Security or criminalization?

In response to the Parkland shooting, the White House has proposed that some school personnel be provided with “rigorous” firearms training.

Student organizers behind the day of action said in a conference call Monday that they feared introducing more guns or police into schools could turn them into prisons, with dangerous consequences for students of color.

“Yes, we are standing in solidarity with the youth from the mass shooting, but we also know that the repercussions of what’s going to happen next is going to land on black and brown students within low income communities,” said Keno Walker with Power U Center for Social Change in Miami, a youth organization that is helping local high school students organize walkouts.

Several student activists said that having more police and enhanced security measures in schools would make them feel less safe.

Andrea Colon, a senior at Rockaway Park High School for Environmental Sustainability in New York, said her school already has metal detectors and police officers. The impact is “dehumanizing,” she said.

“It creates this sense of criminalization that no one really wants to feel,” she said. “School is supposed to be a place where you go and feel safe, you feel supported, and that’s not how you feel when you have to go through metal detectors, and you’re patted down because you have too many bobby pins in your hair or because you didn’t take your belt off and you have to be wanded.”

“Instead of arming teachers with guns or adding more ‘safety’ or police, we want better school facilities, more mental health support, more school supplies and safety that does not involve the police,” said Ilene Orgaz, a junior at KIPP Denver Collegiate in Colorado.

Penalties for walking out

Some school districts have said they will discipline students who participate in the walkouts.

Students who leave classes in New Richmond, Ohio, for example, will receive an “unexcused tardy,” the district said.

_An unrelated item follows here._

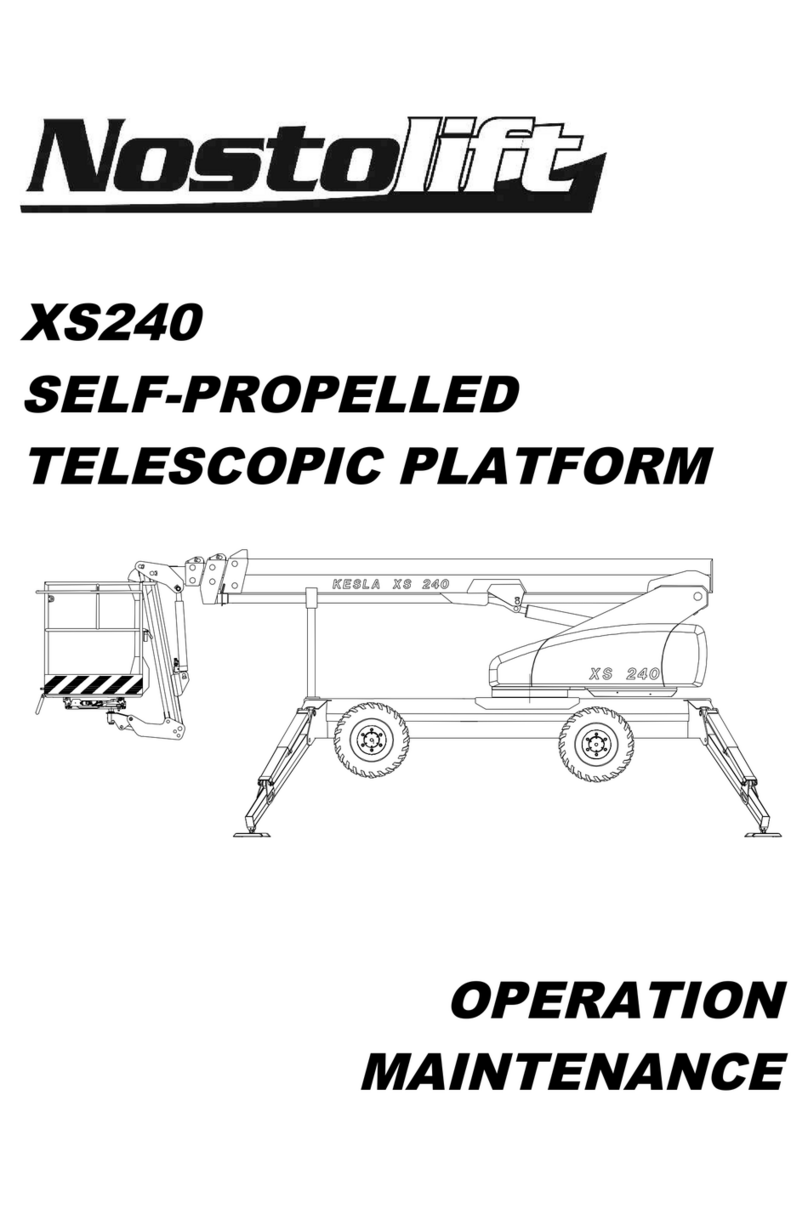 Nostolift XS240 operation & maintenance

For students in Montgomery County, Maryland, walking out will count as an unexcused absence.

In the Atlanta suburb of Cobb County, Georgia, the school district said it will take disciplinary action — ranging from Saturday school to five days’ suspension per district guidelines — against students who walk out, citing safety concerns.

The prospect has deterred some students, but not all of them, Pope High School senior Kara Litwin said.

“Change never happens without backlash,” she said Tuesday. “This is a movement, this is not simply a moment, and this is only the first step in our long process.”

Growing up in the shadow of gun violence

Students who planned to participate in the walkouts said they feel their generation has been profoundly shaped by the specter of gun violence. By raising their voices, they hope they will be the last kids to grow up with metal detectors and active shooter drills.

Sam Craig of Littleton, Colorado, was not alive during the 1999 Columbine High School shooting that put his hometown on the map. But the tragedy has shaped his life.

He grew up with school lockdown drills performed in the name of Columbine. His internship at Denver Zoo includes live shooter drills that include references to Columbine. He knows a teacher who was at Columbine during the shooting, who shares his view that school staff should not be armed, he said.

But the Chatfield High School junior said the community is stronger because of the shooting. People look out for each other because they don’t want anyone to feel “pushed to the point of no return” like the Columbine shooters, he said.

Each year, the town comes together on the anniversary for a day of service, he said.

“We try to find that balance to make our community more connected and loving,” said Craig, who is organizing the walkout at his school.

Abigail Orton, a junior at Columbine High School, said she was inspired to take action on Wednesday by the quick progress of the Parkland students.

“I am absolutely amazed at the amount that they’ve already accomplished, getting their voices out there and being able to speak on this so recently after the event, and to be able to use their status to start bringing about change,” she said.

“I’m honored to be able to call this my generation and to be part of this movement.”